This character, with the inspiration of this video, is now going to be a crucial villain in the new campaign I am running. Thanks Nerdarchy for bringing more pain and suffering to my players and more awesomeness to an already LEGENDARY character.
I set my Death Knight up in an undead war where he was a Paladin betrayed by the King when the King went mad. His brothers were killed in a big burning land strike by the king as a 'necessary evil'. In order to get revenge for his fallen Paladin brothers, he set out hunting down the King's spies and proceeded to torture them for information. He broke his vows as he tortured the King's own spies to get the King's location and was killed by the King's archers before reaching the King. He has basically become the spearhead of the undead army with his own unit of his now undead Paladin brothers following him.
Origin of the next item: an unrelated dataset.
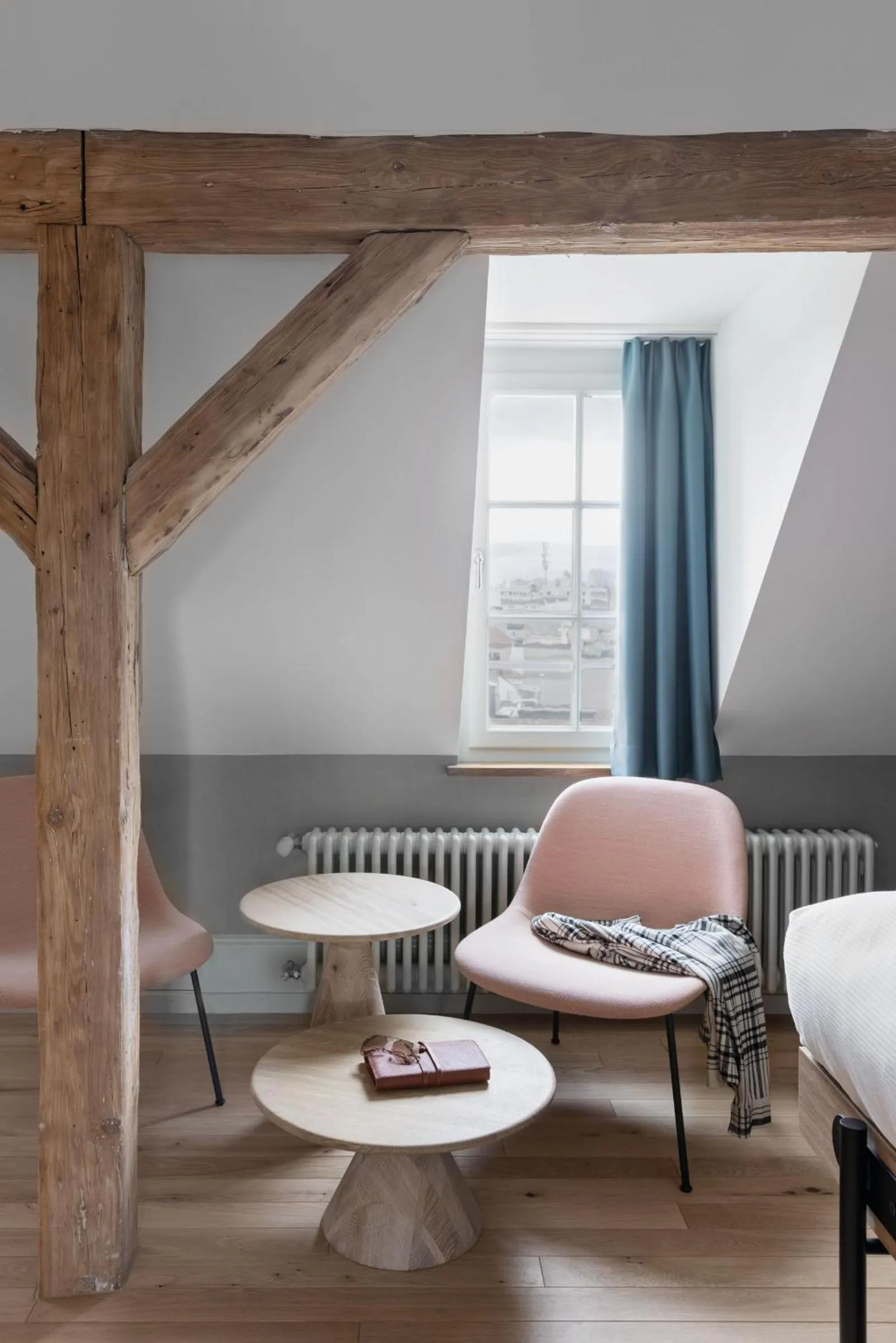 Seating area in Stay KooooK Bern City - Online Check In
A Death Knight leading an army of revenants against a Lich and his army of undead would be a pretty cool campaign setting
I was thinking of a DK vs Lich idea myself. Awesome. With the players and the rest of us regular folk stuck in the middle.As far as an *army* of Revenants, I dunno. I see the Revenant as a great side NPC who is out to get one or the other because of past deeds - a real "fly in the ointment" so to speak.
Not for everyone caught in the middle. :)
-Nerdarchist Dave
Mike Gould
Yea old school revenants are far to rare and powerful to make up an army. Some other kind of undead would work fine.
-Nerdarchist Dave
Dave - Death Knight as the story driving mechanism = genius. Death Knight/Lich as Warlock patron? Possible? Deathknight Lich as the reason why someone becomes a Sorcerer? As such a larger-than-life(unlife) personality, it provides numerous interpretations for both a plot and a resource for campaign issues. Great vid.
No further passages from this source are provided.